Nevada Gaming Board Votes for Anti-Discrimination Amendment

The Nevada Gaming Control Board (GCB) has approved an amendment that would introduce tougher measures on workplace discrimination and harassment. The measure crafted by GCB Chairwoman Sandra Douglass Morgan (l.) is now before the state Gaming Commission.

Nevada Gaming Board Votes for Anti-Discrimination Amendment

The Nevada Gaming Control Board, which oversees the Nevada Gaming Control Act, voted unanimously on November 6 in support of a comprehensive regulation amendment designed to safeguard workers from discrimination and harassment.
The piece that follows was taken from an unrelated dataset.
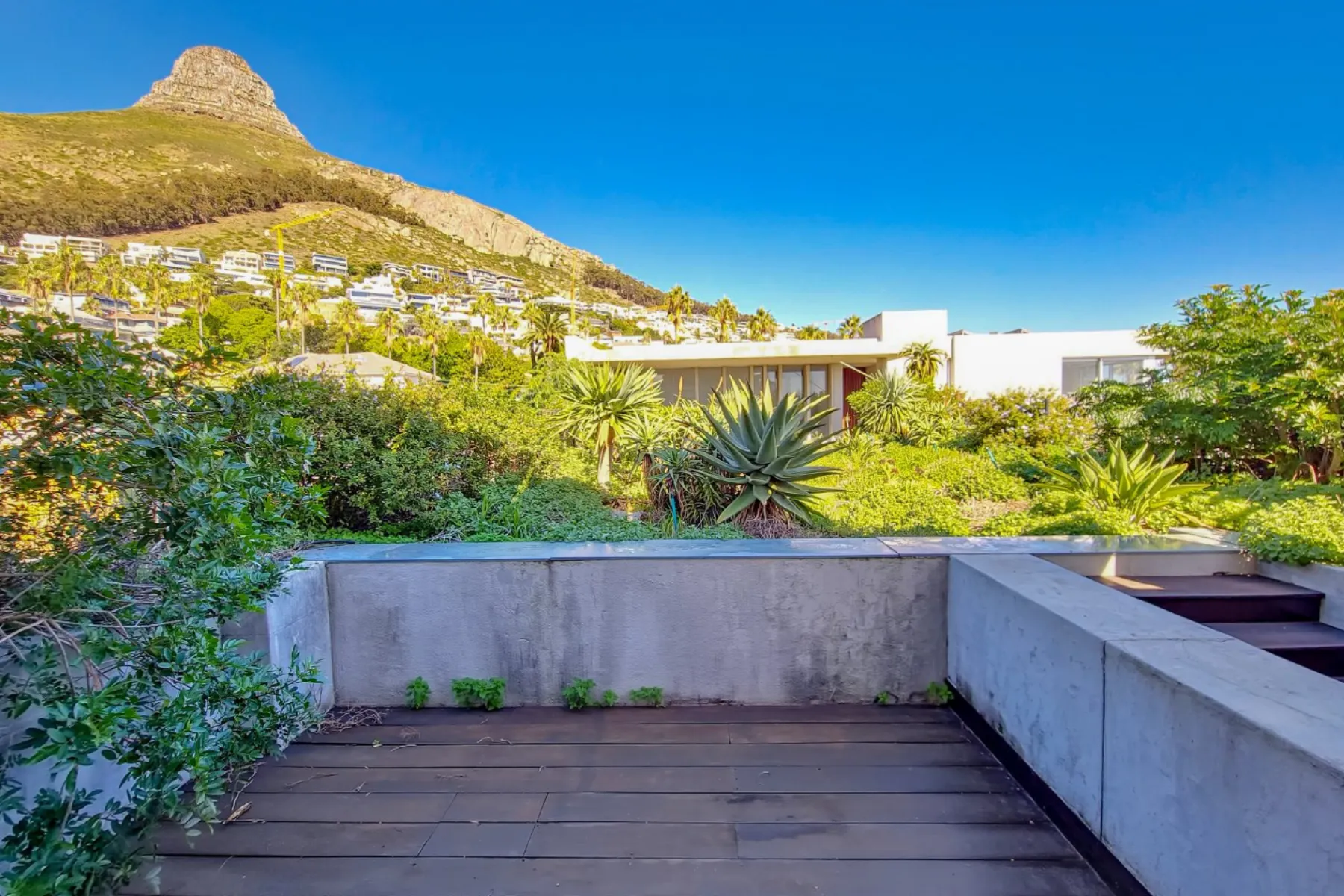 8 Bedroom Property for Sale in Fresnaye Western Cape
The measure now heads to the Gaming Commission for consideration.

If approved there, the amendment would require any licensed gaming establishment or related business with 15 or more employees to adopt and implement written policies and procedures “prohibiting workplace discrimination or harassment of a person based on the person’s race, color, religion, sex, sexual orientation, gender identity or expression, age, disability, or national origin, including, without limitation, sexual harassment.”

Gaming Control Board Chairwoman Sandra Douglass Morgan told the Nevada Independent that many companies may already have such policies in place. “It’s just simply time that something like this would be included in the regulations,” Morgan said.

Gaming Control Board members Terry Johnson and Philip Katsaros also pledged their support. “This seems to be nothing more than an extension of something that should have been in there a long time ago,” Katsaros said.

The board began considering a change to the Gaming Commission’s Regulation 5 that would address sexual harassment in May 2018, after the Wall Street Journal published a damning story about actions on the part of Steve Wynn, then chairman and CEO of Wynn Resorts. Wynn has since resigned.

That particular amendment died without action, but after Governor Steve Sisolak appointed Morgan in January, she brought it back and expanded the scope of offenses that it covers.

Last month gaming regulators moved to ban Wynn from the casino industry, alleging in a complaint that he “is not a person of good character, honesty, and/or integrity.”